MMP for stability
‘Thinking about the system we use for voting in elections – MMP. How easy do you think it is for people like you to understand MMP? (5 point scale)’ Consistently more people think that MMP is easy to understand than think that it is difficult. - NZ Electoral Commission
Richard Edmunds (The Gisborne Herald, 31 October) claims that most New Zealanders oppose MMP and that a different electoral system would be more democratic. A few facts are needed.
There is no groundswell of opinion demanding a new electoral system. In fact, the only politician campaigning against MMP is ACT leader Don Brash. The anti-MMP campaign is being run by the same two men who ran Brash’s campaign to become ACT party leader. They are being supported by Ruth Richardson (also ACT Party affiliated). All these people are welcome to try, of course, but this is hardly mainstream New Zealand.
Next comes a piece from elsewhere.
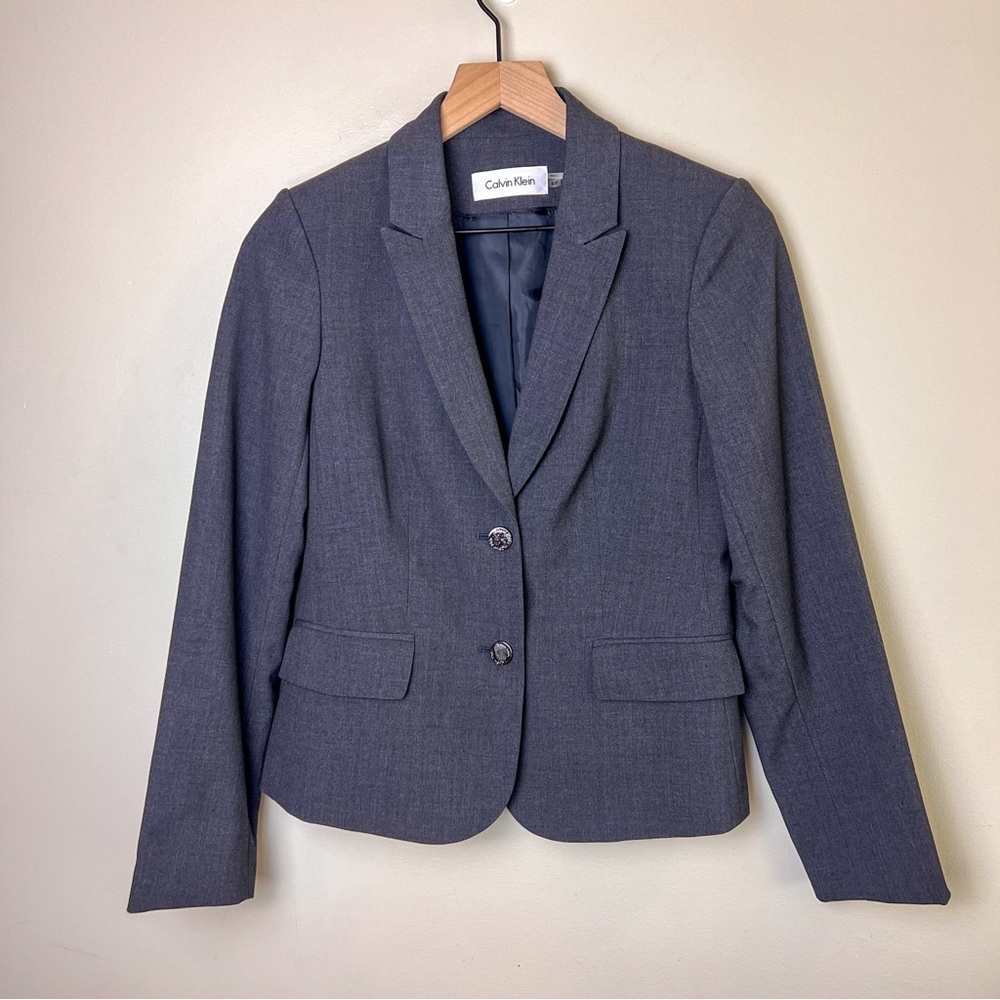 Calvin Klein Gray Padded Shoulder Blazer | 6p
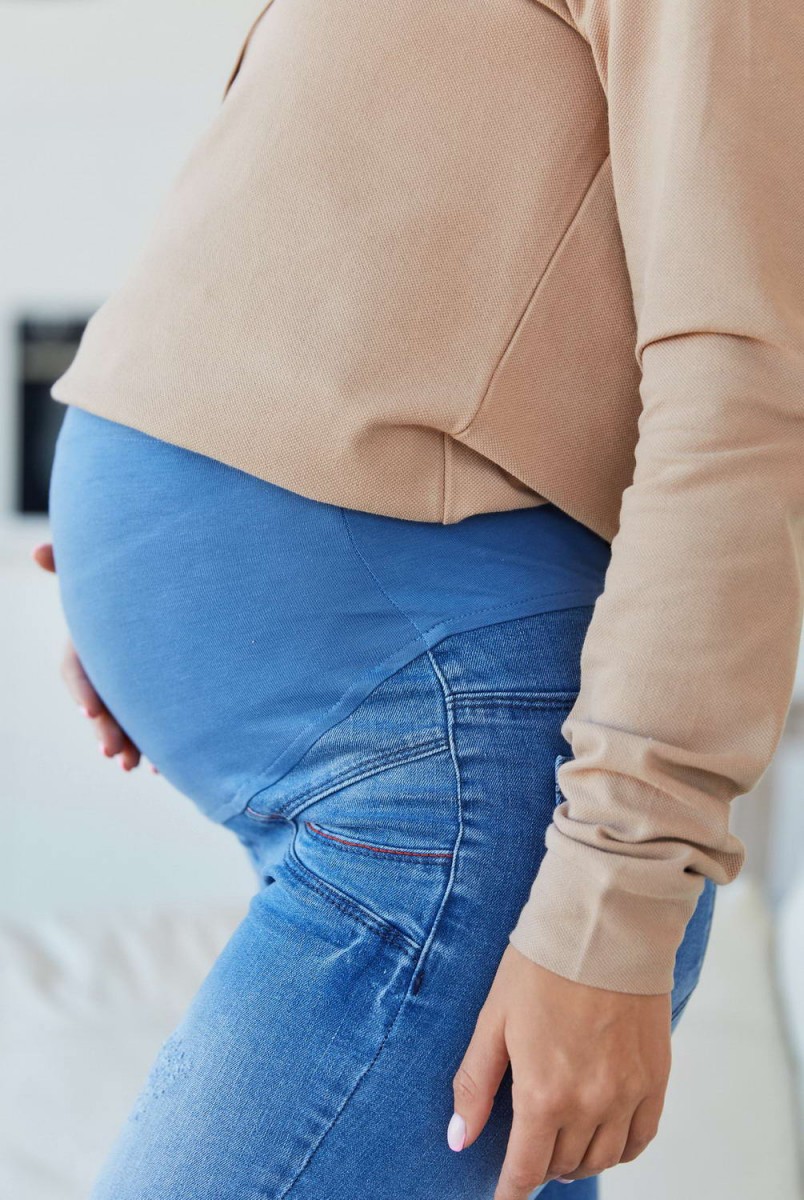 Джинси скінні Shanghai світло-синій з потертістю для вагітних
Another fact: opinion polls show that if MMP is rejected, then New Zealand will return to first past the post. Other options such as PV and SM are not well understood and don’t stand a chance. This would truly be back to the dark ages, where a party with thirty-something percent of the votes could become government.
So, Richard Edmunds is wrong. Most New Zealanders are intelligent, sensible people who value stable government, a strong economy and a Parliament that represents the whole country. I expect they will vote to continue with MMP.